### Dataset entries
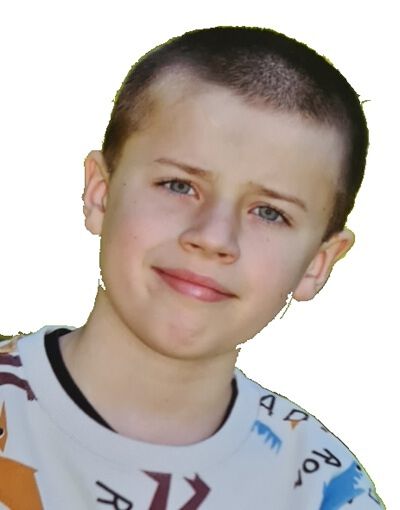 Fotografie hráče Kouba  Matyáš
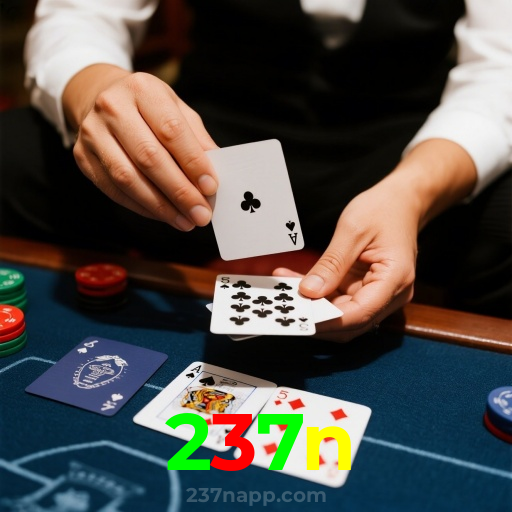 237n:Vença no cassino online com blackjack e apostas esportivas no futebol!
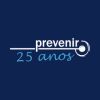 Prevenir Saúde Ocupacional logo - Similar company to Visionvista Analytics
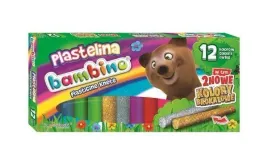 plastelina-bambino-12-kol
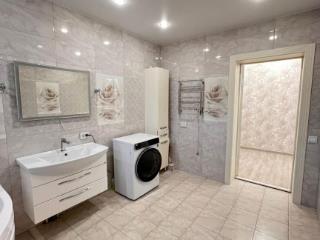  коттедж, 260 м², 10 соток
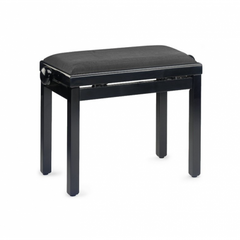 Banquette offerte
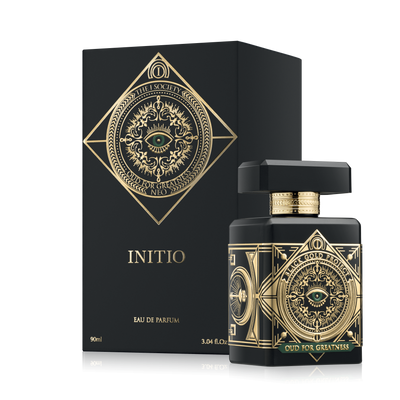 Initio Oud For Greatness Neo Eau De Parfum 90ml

--

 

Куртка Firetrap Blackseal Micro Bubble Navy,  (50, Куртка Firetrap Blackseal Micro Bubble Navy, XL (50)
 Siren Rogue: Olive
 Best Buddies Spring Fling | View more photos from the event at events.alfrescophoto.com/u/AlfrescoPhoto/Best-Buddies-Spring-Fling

### Goal of the exercise
In the listing above, find the line with "Prevenir Saúde Ocupacional" and the line with "Initio Oud For". Output both, plus every line between them, and no pictures.

### Solved problem
 Prevenir Saúde Ocupacional logo - Similar company to Visionvista Analytics
 plastelina-bambino-12-kol
  коттедж, 260 м², 10 соток
 Banquette offerte
 Initio Oud For Greatness Neo Eau De Parfum 90ml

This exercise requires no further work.